SUPPLIED DATA —
"""
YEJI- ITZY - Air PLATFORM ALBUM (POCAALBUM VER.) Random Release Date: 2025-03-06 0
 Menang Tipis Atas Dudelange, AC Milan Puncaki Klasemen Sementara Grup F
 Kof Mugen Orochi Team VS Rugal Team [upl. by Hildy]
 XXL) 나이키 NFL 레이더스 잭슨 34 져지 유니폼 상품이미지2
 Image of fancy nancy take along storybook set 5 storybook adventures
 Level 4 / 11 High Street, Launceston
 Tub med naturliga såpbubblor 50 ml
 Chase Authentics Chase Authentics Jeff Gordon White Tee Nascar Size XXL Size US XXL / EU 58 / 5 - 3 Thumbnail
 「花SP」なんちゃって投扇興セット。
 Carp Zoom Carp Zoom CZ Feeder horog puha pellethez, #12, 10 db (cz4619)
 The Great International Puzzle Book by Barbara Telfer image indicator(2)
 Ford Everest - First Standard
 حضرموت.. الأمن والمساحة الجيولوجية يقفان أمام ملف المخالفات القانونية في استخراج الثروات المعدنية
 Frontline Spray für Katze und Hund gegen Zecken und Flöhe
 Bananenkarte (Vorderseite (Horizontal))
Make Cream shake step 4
"""
TASK STATEMENT — Only the lines from the start of the material through the line containing "Chase Authentics Chase" should be repeated, and they should be repeated exactly.

OUTPUT OF THE TASK —
YEJI- ITZY - Air PLATFORM ALBUM (POCAALBUM VER.) Random Release Date: 2025-03-06 0
 Menang Tipis Atas Dudelange, AC Milan Puncaki Klasemen Sementara Grup F
 Kof Mugen Orochi Team VS Rugal Team [upl. by Hildy]
 XXL) 나이키 NFL 레이더스 잭슨 34 져지 유니폼 상품이미지2
 Image of fancy nancy take along storybook set 5 storybook adventures
 Level 4 / 11 High Street, Launceston
 Tub med naturliga såpbubblor 50 ml
 Chase Authentics Chase Authentics Jeff Gordon White Tee Nascar Size XXL Size US XXL / EU 58 / 5 - 3 Thumbnail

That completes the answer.